SP gives Canada shining report

By BRUCE LITTLE
ECONOMICS REPORTER
UPDATED AT 4:27 PM EST Thursday, Mar. 18, 2004


Canada has been handed a glowing report card by a major bond rating agency, which praises the country's open economy, sound public finances and stable political system.

In a report that would have been almost unthinkable a decade ago, Standard & Poor's Corp. of New York said the country's strengthening financial profile, "impressive debt reduction," "successful inflation targeting," "strong public sector balance sheet," and "policy stability based upon wide political consensus [all] augur well for Canada's long-term growth prospects."
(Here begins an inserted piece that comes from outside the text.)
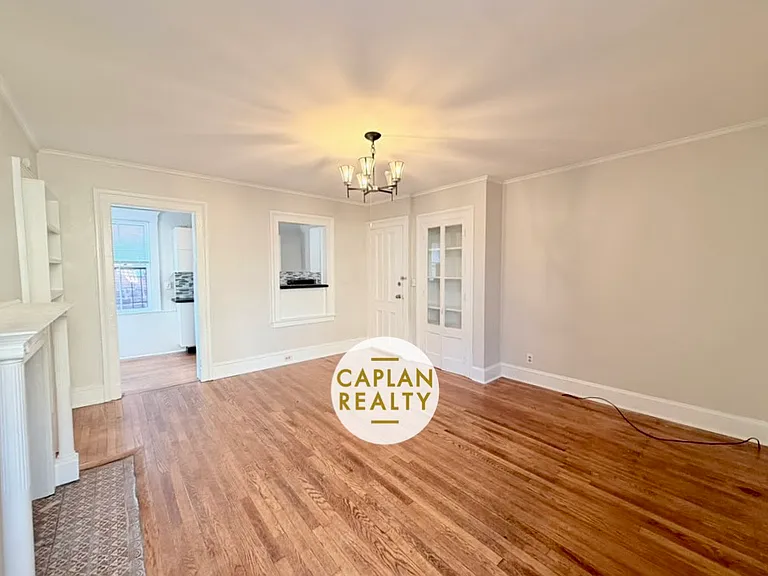 542 Chapel St #E — Photo 3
Lower government debt has put Canada "in a better position to meet the fiscal challenges of an aging population than many other . . . countries" that are part of the Organization for Economic Co-operation and Development, S&P analyst Joydeep Mukherji said in his assessment.
S&P rates Canada's bonds as a triple-A investment, its highest rating. The agency downgraded the rating to double-A-plus in 1992, when federal and provincial debt was soaring, but restored the triple-A rating in 2002.
The latest report says Canada's net general government debt is projected to fall below 30 per cent of gross domestic product next year, compared with 55 per cent in the United States and France and 36 per cent in Britain.
Mr. Mukherji, himself a Canadian who has worked abroad since 1996, praised Canada's success at integrating more immigrants, relative to population, than most developed countries "while maintaining better social cohesion than many European countries and the United States."
The consensus on economic policy is likely to endure "regardless of economic cycles and changes in political leadership," he said.

The S&P report raised only two critical points. It suggested that comparatively low salaries paid to senior officials in key federal economic ministries raises a "modest concern" about Ottawa's ability "to keep recruiting able people." And it said that Canada, like other rich countries, "maintains high levels of trade protection on clothing, textiles and agricultural products."